Memoori published a report titled “The Smart Grid Business 2011 to 2016,” which tackles the major issues and challenges facing the industry over the next 5 years.
The report estimates that to achieve full penetration of the world’s existing grid together with future extensions to 2030, will require an investment of some $2,000 billion on pure smart grid equipment at installed prices.
There is no question about demand for smart grid — in the long term it is inevitable. But we believe that investment funds are the weakest link in the chain and could cause a slowing down in growth.
This can be overcome if the utilities are allowed to recoup the investment over time by increasing their charges for electricity. This will be the solution in Europe but is unlikely to be politically acceptable in North America, despite the fact that prices there are less than half that of most European countries.
In the U.S., according to figures published by the Edison Electric Institute, electric utilities in 2010 had revenues of $371 billion producing a net income of $68 billion and a net after tax profit of $27 billion, whilst retained profit after dividend payments was $10 billion.
Of this transmission and distribution is unlikely to have contributed more than 30 percent. Pure smart grid average annual expenditure in the U.S. will need to run at $22 billion and should peak at around $35 billion in 2021. This simply cannot be achieved without a significant hike in the tariff rate that the regulators will be reluctant to authorize.
Utility companies are not the most profitable operations and they are going to need help with financing the development of the smart grid. In most countries the electricity grid needs refurbishing in any case, so additional expenditure will have to be found, or the basic requirement of electricity supply and reliability will not be satisfied; let alone the pressing need to reduce carbon dioxide levels.
Smart grid is part of the clean tech business and so far it has only received a relatively small sum of investment from private and public sources; compared with the largess heaped on other parts of the business.
However, under government programs in the U.S. alone some $4.5 billion has been awarded for investment in smart grid projects in the electrical utilities business.

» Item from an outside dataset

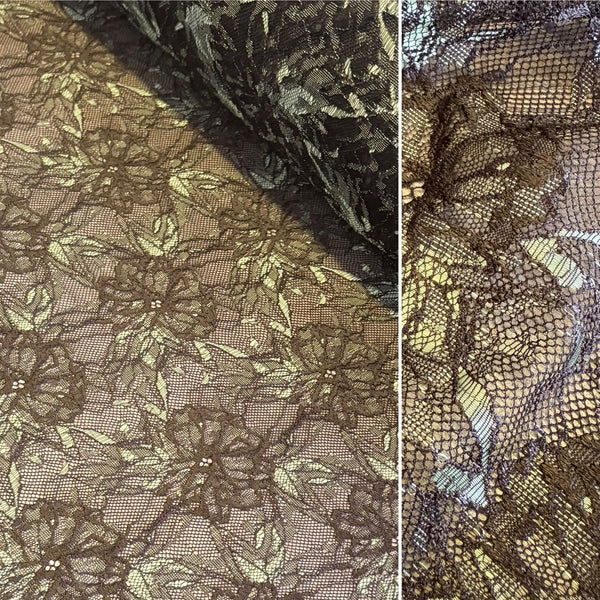 Rigid Floral Allover Lace (In Pink, Purple & Chocolate Brown) - 1m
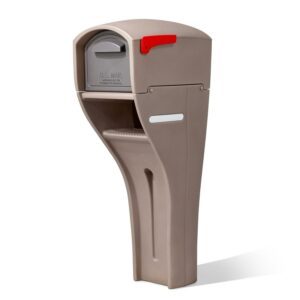 Step2 MailMaster XL Mocha All-in-one Plastic Mailbox and Post Cover Kit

In addition at least 27 American Recovery and Reinvestment Act projects are being funded from the almost $5 billion allocated to the U.S. Department of Energy for grid modernization projects.
Our market sizing figures show that the U.S. is currently the global leader in investment in smart grid. In view of the size of its generating capacity and electrical transmission system this should not be a surprise, but the smart grid stimulus programs have pump-primed investment and played a major part in taking the U.S. forward.
In Europe, finance has been made available through E.U. programs and some demonstration projects are being financed within member state initiatives but nothing on the scale of that provided in the U.S. In China, the state has orchestrated the program for the nationalized utilities to carry out a major program of investment, directly and indirectly they will finance it.
This industry will still need stimulus funds for some years if it is to continue developing at a fast pace and play its proper role in assisting with the delivery of a comprehensive green energy solution. But with so many countries around the world now looking to reduce public expenditure, government funding for smart grid is unlikely to go unscathed.
Information technology and communications companies would almost certainly be interested in joint collaboration with the utility industry on all aspects of the Internet of Things and they have the funds to invest.
Smart grid will deliver a better return on investment than is currently realized in the utility industry; but this has yet to be proven in most sectors of the business because full-scale tests and demonstrations have not yet been completed.
The exception to this is smart meters. In the U.K. a typical smart sub metering installation in the commercial / industrial market will provide a return on investment in 10 to 14 months subject to enhanced capital allowances, allowing offset of the total cost of installation against corporation tax in year one.
In most countries smart meter installations in the residential market are being financed directly and indirectly by the building owners / occupiers without so far placing too much burden on the utility companies.
In the U.S., smart meters save consumers $60 to $180 per year, according to the Energy Information Administration for an outlay of $500. A recent DOE study showed that when consumers can track their energy usage through smart meters, their usage declines by as much as 15 percent.
For the utilities smart meters provide value through automatic billing reducing costs and better management of cash flow. Full AMI will provide real time data to help balance out supply and demand and reduce wastage. Every unit of electricity saved at the point of usage will save 3 units at the generator set. As the volume of equipment rises, prices will fall and ROI will increase, conversely energy prices are almost certain to rise.